Date Posted: 5/10/2011

The Methodist E-Academy, a program using technology to provide Methodist studies to clergy and seminary students in Europe, expects a full class of 30 students to be enrolled for the first regular classes in October 2011.

Begun as a pilot project in 2008, the E-Academy is a cooperative effort between the theological education programs and seminaries in Europe. The General Board of Higher Education and Ministry provided $60,000 in start-up funds. The 22 students already enrolled for the fall semester are from Russia, Bulgaria, Hungary, Latvia, the Czech Republic, Italy, Switzerland, Denmark, and Austria.

Bishop Patrick Streiff, chair of the governing board of the Methodist E-Academy and episcopal leader of the Central and Southern Europe Episcopal Area, said the Methodist Theological Schools in Europe – with support from GBHEM and European Methodists – have built a unique educational program in Methodist studies which combines modern Internet technology with on-site seminars.

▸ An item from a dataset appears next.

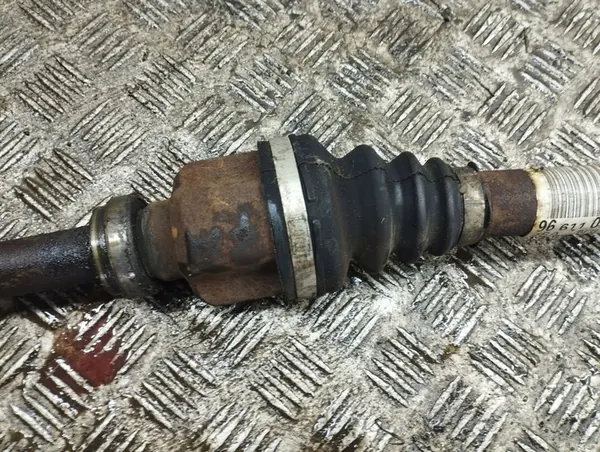 Peugeot 5008 2011 Côté Droit Arbre de Transmission Avant image 4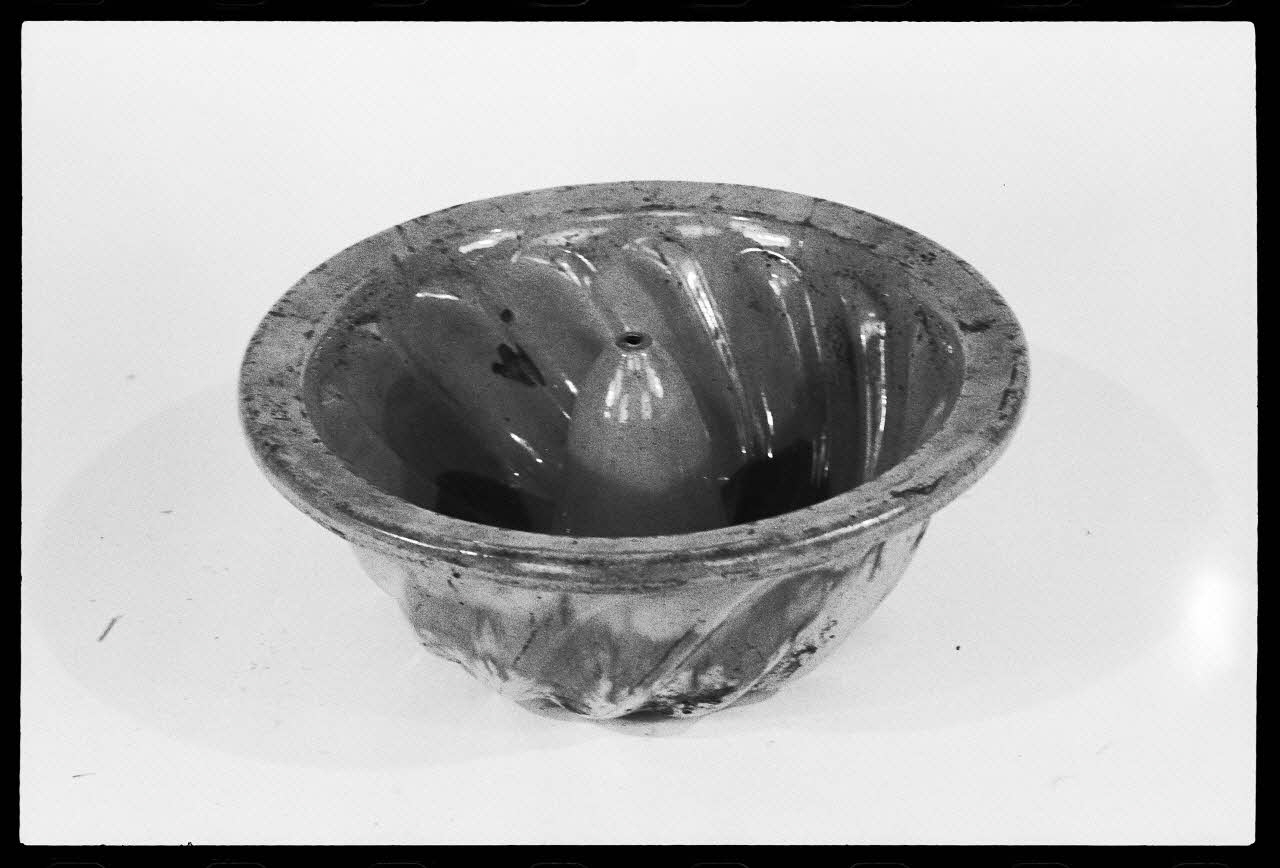 Jacques Hoepffner photographie Moule à kugelhof France 1977/2/1 Ph.1977.1.160  Photo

 “Future Methodist clergy from all over Europe get connected with each other, learn about Methodist studies, and begin to apply what they have learned to their diverse ministry settings. For most students, using English or German in the Methodist E-Academy is a foreign language. But it helps them to connect with Methodists in other countries,” Streiff said. “The Methodist E-Academy is a future-oriented solution for regions where students have no chance to receive education at a UM theological school. It has tremendous potential to build personal connections and equip disciplined Christian leaders for a new century.”

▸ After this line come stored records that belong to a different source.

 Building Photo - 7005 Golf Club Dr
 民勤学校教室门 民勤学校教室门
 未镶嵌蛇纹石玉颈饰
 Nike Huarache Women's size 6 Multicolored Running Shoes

David Field, coordinator of the E-Academy, said classes are offered in German and English in Methodist history, theology, and ecclesiology. Classes include an online component, selected texts, small tutorial groups that meet regularly in different countries, and a block seminar each semester in which all the students come together for a long weekend and a final paper.

“Most of the students are either already in pastoral ministry or in the process of completing their seminary studies,” Field said.

Accreditation Agreements

The E-Academy has agreements with the Norwegian School of Theology (Detteologiske Menighetsfakultet) in Oslo for courses taught in English and the Reutlingen School of Theology for courses taught in German that will allow accreditation under European standards so that future students will be able to receive academic credit for their studies, Field said.

The Rev. Rena Yocom, GBHEM’s assistant general secretary for Clergy Formation and Theological Education, said the E-Academy is an excellent model for cooperatively providing the theological education needed to form Christian leaders in the Wesleyan tradition.

“The Methodist E-Academy is an example of what can be accomplished with a combination of creativity and technology, collaboration and perceived need, mixed with a little Wesleyan discipline and determination. It is a viable tool for global education today,” Yocom said.

Interacting With Other Students

Filip Jandovsky, a pastor from the Czech Republic who is finishing up the last of six modules, found it helpful to be able to do the work online.

“Because my week schedule is quite busy with my church business, e-learning helped me to better organize and manage my study time,” Jandovsky said. “It is a really good option for those who are working full time.”

The Rev. Margarita Todorova, a pastor in Bulgaria, also appreciated the opportunities to work with others.

“The best part of this course was the interaction with students from the other European countries. It has been an enriching experience,” she said.

Other students noted that the quality of the material provided a deeper understanding and appreciation of the Methodist tradition, while the group work and seminar allowed for the development of relationships with students from other countries, social contexts, and language groups.

Online Studies Require Adaptation

Michael Nausner, one of the instructors, found he had to adjust his conversational style of teaching to work with e-mailing texts or posting online.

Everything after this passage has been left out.